Throughout the specification and claims, unless explicitly stated otherwise, the term "comprise" or variations thereof such as "comprises" or "comprising", etc. will be understood to include the stated element or component without excluding other elements or other components.
Spatially relative terms, such as "below," "beneath," "lower," "above," "upper," and the like, may be used herein for ease of description to describe one element's or feature's relationship to another element's or feature's in the figures. It will be understood that the spatially relative terms are intended to encompass different orientations of the article in use or operation in addition to the orientation depicted in the figures. For example, if the article in the figures is turned over, elements described as "below" or "beneath" other elements or features would then be oriented "above" the elements or features. Thus, the exemplary term "below" may encompass both a direction of below and a direction of above. The article may have other orientations (rotated 90 degrees or other orientations) and the spatially relative descriptors used herein interpreted accordingly.

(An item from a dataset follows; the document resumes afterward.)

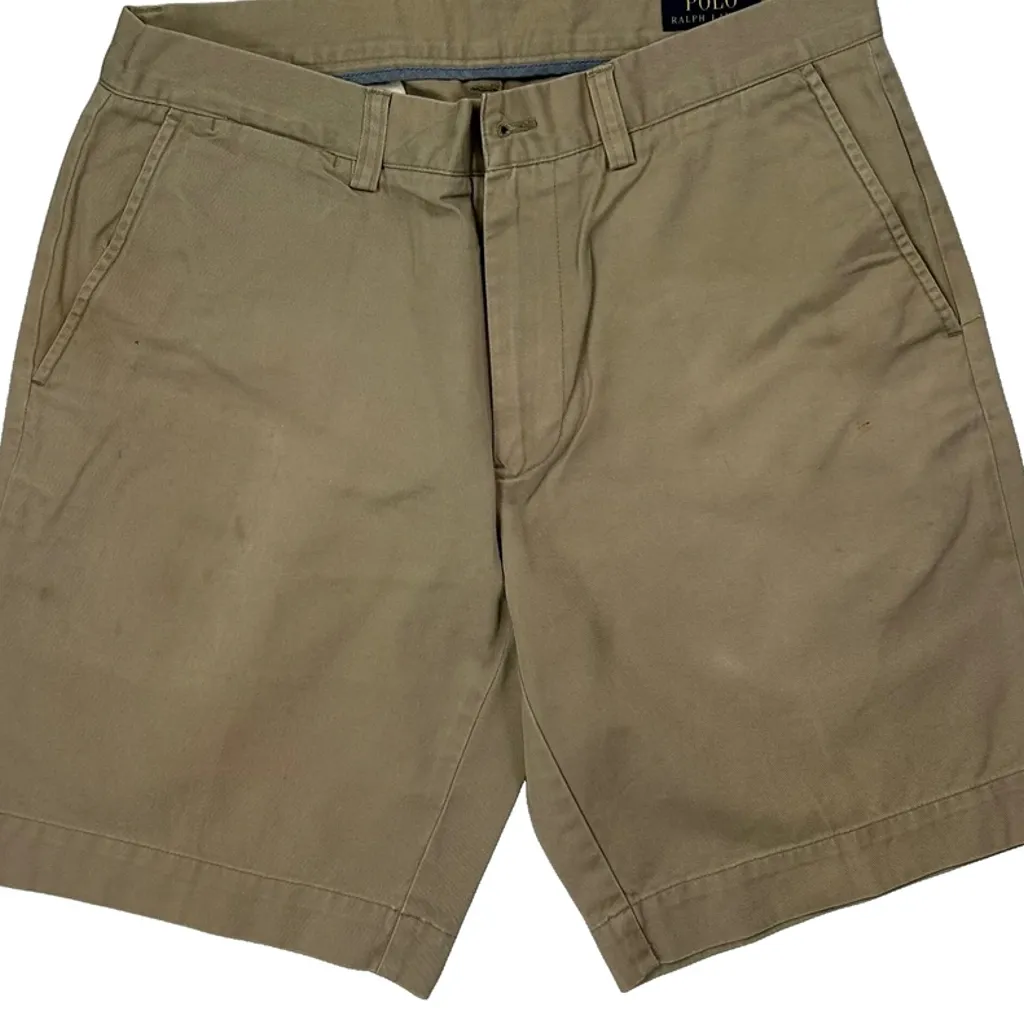 Polo By Ralph Lauren Chino Shorts - 30W 9L Beige Cotton - Image 8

The terms "first," "second," and the like herein are used for distinguishing between two different elements or regions and are not intended to limit a particular position or relative relationship. In other words, in some embodiments, the terms "first," "second," etc. may also be interchanged with one another.

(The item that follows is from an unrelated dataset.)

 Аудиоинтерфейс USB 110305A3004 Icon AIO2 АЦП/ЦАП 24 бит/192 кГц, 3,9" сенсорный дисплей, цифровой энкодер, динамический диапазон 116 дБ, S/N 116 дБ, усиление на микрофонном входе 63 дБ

As shown in fig. 1 and 2, an ANG storage apparatus according to an embodiment of the present invention includes: the tank body 10 is a horizontal storage tank, and the tank body 10 is filled with an adsorbent. The tank body 10 comprises a tube side and a shell side which are not communicated with each other, the volume of the tube side is 5% -25% of that of the shell side, and a natural gas charging and discharging channel is arranged on the shell side. The shell side is used as a storage space of natural gas and is connected with the outside so as to be inflated and deflated, and the heat exchange unit is formed by inflating and deflating circulating natural gas in the tube side. The tube side of the tank body 10 is connected with the air inlet of the compressor 30, the air outlet of the compressor 30 is connected to the high-pressure air cylinder 40, the high-pressure air cylinder 40 is communicated with the tube side, and the tube side, the compressor 30 and the high-pressure air cylinder 40 form a loop for circulating natural gas. The inflation process and the deflation process of the tube side and the shell side are opposite, and the inflation and deflation amount is controlled so as to realize the heat management of the ANG storage equipment.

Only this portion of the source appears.